Because finalizers can interrupt any code, they must be very careful in how they interact with any global state. Unfortunately, the main reason that finalizers are used is to update global state (a pure function is generally rather pointless as a finalizer). This leads us to a bit of a conundrum. There are a few approaches to dealing with this problem:

  1. When single-threaded, code could call the internal jl_gc_enable_finalizers C function to prevent finalizers from being scheduled inside a critical region. Internally, this is used inside some functions (such as our C locks) to prevent recursion when doing certain operations (incremental package loading, codegen, etc.). The combination of a lock and this flag can be used to make finalizers safe.

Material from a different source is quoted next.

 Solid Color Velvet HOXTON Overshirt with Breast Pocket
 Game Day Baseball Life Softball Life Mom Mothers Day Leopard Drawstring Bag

  2. A second strategy, employed by Base in a couple places, is to explicitly delay a finalizer until it may be able to acquire its lock non-recursively. The following example demonstrates how this strategy could be applied to Distributed.finalize_ref:

    1. function finalize_ref(r::AbstractRemoteRef)
    2. if r.where > 0 # Check if the finalizer is already run
    3. if islocked(client_refs) || !trylock(client_refs)
    4. # delay finalizer for later if we aren't free to acquire the lock
    5. finalizer(finalize_ref, r)
    6. return nothing
    7. end
    8. try # `lock` should always be followed by `try`
    9. if r.where > 0 # Must check again here
    10. # Do actual cleanup here
    11. r.where = 0
    12. end
    13. finally
    14. unlock(client_refs)
    15. end
    16. end
    17. nothing
    18. end
  3. A related third strategy is to use a yield-free queue. We don’t currently have a lock-free queue implemented in Base, but Base.InvasiveLinkedListSynchronized{T} is suitable. This can frequently be a good strategy to use for code with event loops. For example, this strategy is employed by Gtk.jl to manage lifetime ref-counting. In this approach, we don’t do any explicit work inside the finalizer, and instead add it to a queue to run at a safer time. In fact, Julia’s task scheduler already uses this, so defining the finalizer as x -> @spawn do_cleanup(x) is one example of this approach. Note however that this doesn’t control which thread do_cleanup runs on, so do_cleanup would still need to acquire a lock. That doesn’t need to be true if you implement your own queue, as you can explicitly only drain that queue from your thread.